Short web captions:

-- Opening Marker --

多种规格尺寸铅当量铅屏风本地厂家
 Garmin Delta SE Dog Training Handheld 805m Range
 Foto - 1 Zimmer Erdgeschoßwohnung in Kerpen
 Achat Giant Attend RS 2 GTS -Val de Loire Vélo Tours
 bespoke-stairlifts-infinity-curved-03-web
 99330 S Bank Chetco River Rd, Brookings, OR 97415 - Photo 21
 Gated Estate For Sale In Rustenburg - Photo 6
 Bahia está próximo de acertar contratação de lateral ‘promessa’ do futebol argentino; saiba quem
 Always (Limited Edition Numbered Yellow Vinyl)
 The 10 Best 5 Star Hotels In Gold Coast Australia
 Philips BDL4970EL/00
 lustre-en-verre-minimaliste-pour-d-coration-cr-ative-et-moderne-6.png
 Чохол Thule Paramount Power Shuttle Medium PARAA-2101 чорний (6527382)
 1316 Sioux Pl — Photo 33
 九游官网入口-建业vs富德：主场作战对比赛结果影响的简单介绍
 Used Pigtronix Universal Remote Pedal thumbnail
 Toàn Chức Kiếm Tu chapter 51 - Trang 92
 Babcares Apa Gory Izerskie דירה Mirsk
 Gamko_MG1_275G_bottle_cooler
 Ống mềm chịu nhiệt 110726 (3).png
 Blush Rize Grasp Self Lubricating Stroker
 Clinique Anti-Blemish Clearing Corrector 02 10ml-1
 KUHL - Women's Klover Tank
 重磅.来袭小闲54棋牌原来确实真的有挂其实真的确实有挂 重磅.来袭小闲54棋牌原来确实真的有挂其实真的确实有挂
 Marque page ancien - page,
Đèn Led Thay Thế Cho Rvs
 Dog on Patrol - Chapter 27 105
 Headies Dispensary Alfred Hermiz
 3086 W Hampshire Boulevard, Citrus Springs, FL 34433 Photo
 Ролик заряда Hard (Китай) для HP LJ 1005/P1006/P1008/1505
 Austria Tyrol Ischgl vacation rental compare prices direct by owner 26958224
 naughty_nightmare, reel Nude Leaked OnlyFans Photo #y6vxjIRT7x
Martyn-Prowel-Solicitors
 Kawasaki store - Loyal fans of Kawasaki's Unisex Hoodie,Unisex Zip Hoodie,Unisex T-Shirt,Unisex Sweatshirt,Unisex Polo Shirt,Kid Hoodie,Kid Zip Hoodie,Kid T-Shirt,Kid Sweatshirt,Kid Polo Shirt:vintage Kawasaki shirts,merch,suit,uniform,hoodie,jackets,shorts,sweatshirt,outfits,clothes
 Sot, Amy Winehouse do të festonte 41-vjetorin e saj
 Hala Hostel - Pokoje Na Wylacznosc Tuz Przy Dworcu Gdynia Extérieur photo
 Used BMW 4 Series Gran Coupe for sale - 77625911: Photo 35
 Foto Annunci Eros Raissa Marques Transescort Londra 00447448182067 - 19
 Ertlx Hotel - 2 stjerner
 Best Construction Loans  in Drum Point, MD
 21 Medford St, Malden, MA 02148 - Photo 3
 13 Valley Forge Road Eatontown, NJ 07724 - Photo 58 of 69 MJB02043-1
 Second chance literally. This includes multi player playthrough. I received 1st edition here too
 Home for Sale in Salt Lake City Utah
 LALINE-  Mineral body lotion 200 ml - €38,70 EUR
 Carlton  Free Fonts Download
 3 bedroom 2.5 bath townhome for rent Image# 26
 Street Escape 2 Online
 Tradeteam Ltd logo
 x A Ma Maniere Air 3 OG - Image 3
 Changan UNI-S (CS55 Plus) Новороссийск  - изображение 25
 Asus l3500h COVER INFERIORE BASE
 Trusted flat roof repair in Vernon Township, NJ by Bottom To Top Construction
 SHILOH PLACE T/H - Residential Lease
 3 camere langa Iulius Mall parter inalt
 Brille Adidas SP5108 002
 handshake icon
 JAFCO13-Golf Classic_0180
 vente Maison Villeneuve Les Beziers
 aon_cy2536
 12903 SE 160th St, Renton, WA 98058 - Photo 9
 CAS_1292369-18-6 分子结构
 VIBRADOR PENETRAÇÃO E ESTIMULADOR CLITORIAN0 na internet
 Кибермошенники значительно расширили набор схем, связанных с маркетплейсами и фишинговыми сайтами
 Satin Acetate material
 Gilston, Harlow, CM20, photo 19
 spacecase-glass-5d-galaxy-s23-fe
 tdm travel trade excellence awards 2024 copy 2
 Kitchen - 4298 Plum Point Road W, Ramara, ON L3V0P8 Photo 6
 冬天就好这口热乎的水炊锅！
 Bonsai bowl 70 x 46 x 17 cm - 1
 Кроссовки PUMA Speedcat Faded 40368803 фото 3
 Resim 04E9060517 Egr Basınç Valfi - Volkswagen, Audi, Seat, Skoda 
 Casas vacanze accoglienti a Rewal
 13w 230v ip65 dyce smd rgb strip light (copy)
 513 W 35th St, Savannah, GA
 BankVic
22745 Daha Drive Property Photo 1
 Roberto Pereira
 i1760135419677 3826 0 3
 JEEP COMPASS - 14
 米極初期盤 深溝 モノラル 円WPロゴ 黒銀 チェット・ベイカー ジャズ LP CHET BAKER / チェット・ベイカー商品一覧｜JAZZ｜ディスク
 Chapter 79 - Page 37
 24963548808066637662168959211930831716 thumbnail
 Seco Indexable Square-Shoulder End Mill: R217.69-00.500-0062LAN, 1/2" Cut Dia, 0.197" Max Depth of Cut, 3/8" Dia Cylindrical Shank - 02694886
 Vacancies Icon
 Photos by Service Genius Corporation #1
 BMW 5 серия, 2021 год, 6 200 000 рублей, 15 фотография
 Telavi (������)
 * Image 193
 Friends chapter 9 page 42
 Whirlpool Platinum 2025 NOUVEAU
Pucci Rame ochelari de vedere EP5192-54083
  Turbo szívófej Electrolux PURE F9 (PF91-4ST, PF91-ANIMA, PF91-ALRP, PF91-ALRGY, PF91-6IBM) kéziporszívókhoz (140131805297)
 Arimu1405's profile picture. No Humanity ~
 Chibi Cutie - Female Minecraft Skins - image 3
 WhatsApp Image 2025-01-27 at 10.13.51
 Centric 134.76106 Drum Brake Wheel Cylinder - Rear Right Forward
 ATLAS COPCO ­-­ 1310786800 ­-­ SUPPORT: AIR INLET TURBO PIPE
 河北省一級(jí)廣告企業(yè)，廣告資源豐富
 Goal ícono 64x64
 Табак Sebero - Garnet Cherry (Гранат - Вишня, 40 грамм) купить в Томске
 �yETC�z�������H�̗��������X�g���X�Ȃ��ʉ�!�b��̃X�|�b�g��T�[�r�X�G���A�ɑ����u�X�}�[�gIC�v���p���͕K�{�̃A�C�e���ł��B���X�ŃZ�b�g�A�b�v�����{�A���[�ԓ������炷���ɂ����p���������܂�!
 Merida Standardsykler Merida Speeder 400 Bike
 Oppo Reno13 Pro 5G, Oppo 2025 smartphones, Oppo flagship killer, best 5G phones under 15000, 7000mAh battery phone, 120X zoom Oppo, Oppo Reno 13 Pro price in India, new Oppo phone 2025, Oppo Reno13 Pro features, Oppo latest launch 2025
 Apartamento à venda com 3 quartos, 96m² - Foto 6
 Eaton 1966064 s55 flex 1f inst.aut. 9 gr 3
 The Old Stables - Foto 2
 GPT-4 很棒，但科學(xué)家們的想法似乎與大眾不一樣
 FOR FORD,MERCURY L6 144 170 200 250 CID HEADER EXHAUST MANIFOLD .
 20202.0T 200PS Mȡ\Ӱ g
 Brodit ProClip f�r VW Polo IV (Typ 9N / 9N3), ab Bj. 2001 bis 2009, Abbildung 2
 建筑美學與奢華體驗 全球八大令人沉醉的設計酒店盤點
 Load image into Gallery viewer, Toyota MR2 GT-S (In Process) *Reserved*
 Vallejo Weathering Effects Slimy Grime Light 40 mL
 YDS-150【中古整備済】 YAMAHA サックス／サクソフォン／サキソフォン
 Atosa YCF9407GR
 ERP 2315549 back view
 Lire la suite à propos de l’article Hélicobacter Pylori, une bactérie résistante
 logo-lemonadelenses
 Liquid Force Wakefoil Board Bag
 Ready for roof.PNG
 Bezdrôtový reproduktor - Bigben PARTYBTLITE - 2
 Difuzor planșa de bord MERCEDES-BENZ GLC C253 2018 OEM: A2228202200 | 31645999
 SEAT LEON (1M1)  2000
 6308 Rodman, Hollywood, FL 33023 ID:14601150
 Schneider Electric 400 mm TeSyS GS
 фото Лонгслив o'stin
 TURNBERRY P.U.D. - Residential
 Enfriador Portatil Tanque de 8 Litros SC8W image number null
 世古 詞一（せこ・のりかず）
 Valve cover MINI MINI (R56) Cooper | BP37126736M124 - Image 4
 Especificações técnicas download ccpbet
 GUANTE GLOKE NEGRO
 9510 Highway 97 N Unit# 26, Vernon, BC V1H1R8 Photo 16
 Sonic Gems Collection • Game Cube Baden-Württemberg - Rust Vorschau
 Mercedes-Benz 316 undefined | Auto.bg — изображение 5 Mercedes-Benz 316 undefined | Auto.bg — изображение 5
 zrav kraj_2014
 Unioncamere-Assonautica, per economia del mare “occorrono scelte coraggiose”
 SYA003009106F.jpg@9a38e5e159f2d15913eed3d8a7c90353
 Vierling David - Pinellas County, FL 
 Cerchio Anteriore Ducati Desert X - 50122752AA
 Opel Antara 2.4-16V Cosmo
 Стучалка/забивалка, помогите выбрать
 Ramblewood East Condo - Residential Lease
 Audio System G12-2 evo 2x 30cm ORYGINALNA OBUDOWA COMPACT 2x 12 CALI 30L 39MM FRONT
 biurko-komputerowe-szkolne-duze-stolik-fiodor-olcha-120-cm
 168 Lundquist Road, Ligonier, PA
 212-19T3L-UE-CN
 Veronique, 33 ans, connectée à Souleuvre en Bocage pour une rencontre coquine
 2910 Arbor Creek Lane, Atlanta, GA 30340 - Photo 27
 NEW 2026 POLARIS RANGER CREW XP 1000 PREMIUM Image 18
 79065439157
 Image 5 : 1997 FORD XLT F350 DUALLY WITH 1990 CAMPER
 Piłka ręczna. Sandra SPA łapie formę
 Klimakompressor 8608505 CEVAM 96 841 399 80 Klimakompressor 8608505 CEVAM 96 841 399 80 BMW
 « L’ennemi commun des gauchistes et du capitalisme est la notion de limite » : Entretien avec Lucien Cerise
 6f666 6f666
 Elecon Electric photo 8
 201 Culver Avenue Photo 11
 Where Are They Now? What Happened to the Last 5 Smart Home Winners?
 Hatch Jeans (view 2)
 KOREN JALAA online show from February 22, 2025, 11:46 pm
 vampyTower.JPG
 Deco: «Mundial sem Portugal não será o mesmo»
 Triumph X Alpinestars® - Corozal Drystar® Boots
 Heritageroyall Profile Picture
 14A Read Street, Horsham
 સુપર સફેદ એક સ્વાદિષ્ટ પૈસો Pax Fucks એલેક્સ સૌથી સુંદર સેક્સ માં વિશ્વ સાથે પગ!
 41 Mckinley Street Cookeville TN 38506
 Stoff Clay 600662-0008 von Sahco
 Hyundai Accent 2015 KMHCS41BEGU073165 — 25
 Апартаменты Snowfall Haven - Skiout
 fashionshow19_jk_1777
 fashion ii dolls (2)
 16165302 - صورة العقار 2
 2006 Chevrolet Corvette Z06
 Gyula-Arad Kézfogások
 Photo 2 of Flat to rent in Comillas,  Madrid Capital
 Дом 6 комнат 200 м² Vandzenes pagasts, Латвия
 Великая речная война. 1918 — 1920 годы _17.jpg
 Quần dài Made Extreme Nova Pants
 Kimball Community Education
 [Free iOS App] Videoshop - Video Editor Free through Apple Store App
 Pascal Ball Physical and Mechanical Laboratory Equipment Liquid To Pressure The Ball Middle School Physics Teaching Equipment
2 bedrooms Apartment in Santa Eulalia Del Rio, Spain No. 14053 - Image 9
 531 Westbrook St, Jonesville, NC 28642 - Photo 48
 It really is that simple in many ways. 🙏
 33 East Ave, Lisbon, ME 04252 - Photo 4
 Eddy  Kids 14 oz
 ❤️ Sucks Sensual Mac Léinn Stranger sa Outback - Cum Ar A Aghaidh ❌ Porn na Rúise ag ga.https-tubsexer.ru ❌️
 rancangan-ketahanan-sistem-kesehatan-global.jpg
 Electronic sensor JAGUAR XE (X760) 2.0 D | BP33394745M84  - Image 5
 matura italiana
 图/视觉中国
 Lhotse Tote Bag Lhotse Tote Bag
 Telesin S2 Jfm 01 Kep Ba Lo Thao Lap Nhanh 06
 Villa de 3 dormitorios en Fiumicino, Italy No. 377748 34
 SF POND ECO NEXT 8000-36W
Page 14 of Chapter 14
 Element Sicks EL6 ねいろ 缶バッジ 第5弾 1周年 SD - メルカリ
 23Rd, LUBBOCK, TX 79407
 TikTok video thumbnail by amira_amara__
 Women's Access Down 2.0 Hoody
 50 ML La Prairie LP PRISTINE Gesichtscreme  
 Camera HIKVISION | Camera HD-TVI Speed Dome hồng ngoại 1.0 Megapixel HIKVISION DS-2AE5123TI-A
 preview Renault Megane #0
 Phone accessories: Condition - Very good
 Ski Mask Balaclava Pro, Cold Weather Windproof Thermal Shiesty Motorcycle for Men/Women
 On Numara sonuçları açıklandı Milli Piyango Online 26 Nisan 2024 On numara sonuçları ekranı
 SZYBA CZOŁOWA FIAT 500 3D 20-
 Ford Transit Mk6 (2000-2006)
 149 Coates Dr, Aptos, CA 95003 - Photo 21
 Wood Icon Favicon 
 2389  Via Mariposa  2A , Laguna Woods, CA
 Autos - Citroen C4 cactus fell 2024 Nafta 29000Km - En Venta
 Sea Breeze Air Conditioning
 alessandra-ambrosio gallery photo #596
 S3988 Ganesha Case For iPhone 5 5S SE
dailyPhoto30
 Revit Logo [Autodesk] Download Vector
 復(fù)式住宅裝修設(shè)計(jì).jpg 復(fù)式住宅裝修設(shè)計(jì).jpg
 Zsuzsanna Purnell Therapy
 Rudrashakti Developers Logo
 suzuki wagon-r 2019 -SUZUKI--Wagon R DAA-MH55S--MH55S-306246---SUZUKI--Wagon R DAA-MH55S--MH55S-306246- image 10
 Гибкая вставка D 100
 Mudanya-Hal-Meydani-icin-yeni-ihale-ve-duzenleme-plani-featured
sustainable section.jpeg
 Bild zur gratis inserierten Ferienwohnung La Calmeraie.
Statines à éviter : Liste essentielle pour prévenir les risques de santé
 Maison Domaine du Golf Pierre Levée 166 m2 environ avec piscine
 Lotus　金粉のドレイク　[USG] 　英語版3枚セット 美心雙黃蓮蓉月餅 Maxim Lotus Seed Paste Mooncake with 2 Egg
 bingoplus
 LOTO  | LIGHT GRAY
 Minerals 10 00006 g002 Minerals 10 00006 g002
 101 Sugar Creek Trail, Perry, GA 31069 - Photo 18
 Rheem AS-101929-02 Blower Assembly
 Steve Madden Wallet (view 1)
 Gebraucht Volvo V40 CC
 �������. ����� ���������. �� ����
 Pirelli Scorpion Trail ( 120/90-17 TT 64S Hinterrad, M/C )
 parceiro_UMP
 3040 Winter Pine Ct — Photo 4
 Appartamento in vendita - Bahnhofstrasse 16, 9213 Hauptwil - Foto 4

-- Closing Marker --

▶ _ACTIVITY_: Each line in the data where the string "Free" occurs should be identified and copied.

▶ _ANSWER SPACE_:
 Carlton  Free Fonts Download
 [Free iOS App] Videoshop - Video Editor Free through Apple Store App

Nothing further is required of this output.